Dashboard sheets

Revision as of 16:45, 20 May 2016 by Gcrawford (talk) (Targets)

Dashboard sheets let business users build responsive dashboards and visual reports which:

  • Resize as needed based on the screen of the user viewing them
  • Can be optimised to display in different layouts depending on screen size and orientation
  • Auto-link objects together as they are added to the dashboard sheet

If a dashboard is being developed which will be used by both laptop / desktop based users and also tablet / phone based mobile users the optimal layout for the dashboard will vary by device. Dashboard sheets allow the creation of multiple ‘targets’ which means the report itself is developed once and the layout can be optimised per device type as a final step. The appropriate layout for the report is then displayed for each device dynamically as in the example below.

DeployedDashboard


Dashboard sheets are available under the Visualise group in the XLCubed Ribbon. The design environment is as shown below. When adding a Grid, Small Multiple, TreeMap, Map, Viewport or Slicer the respective designer is the same as when inserting them on a standard Excel sheet. Labels are specific to Dashboard sheets and allow for positioning of titles etc. within the dashboard. 'Import Existing' allows for the import of existing XLCubed objects within the current workbook onto the Dashboard sheet. Grids and the XLCubed charts can be added directly to the dashboard, and ViewPorts allow for the display of any highly formatted Excel charts or tables within the dashboard.

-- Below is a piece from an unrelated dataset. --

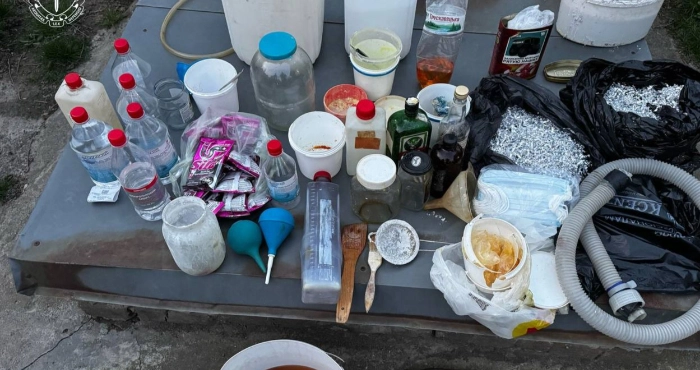 Нарколабораторія в домашніх умовах: в оселі лучанина знайшли 1,4 кг наркотиків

XLCubed Dashboards have a design mode and a runtime mode which is toggled through the Design Mode button on the Dashboard ribbon.

Dashboard Designer

When an object is added to the dashboard it will be positioned starting at the active 'cell' in the dashboard and can then be re-positioned and sized as required. Links are automatically created as objects are added to the dashboard although the defaults can be overridden at an object level.


Targets

Targets are categorisations of the display size which the dashboard can be viewed on. This allows for different layouts of the same dashboard to be defined based to best fit the available screen size. The concept is that the dashboard itself is developed once, and can then be layout optimised per device type.

Each Target frame has a number of rows and columns which can be varied as required, and the objects on the dashboard arranged as desired within the available matrix. To optimise a dashboard for a smartphone in portrait mode it's likely that the best fit will be to have all the objects arranged vertically, and to restrict the view to 2 or 3 objects on the screen at once. To achieve that you would add a new Target with (for example) 1 column and 6 rows. Each resulting cell would contain one dashboard object, and "Show x Rows at a time" would be set to 3. This means the phone user would swipe up to see the second set of 3 objects within the dashboard.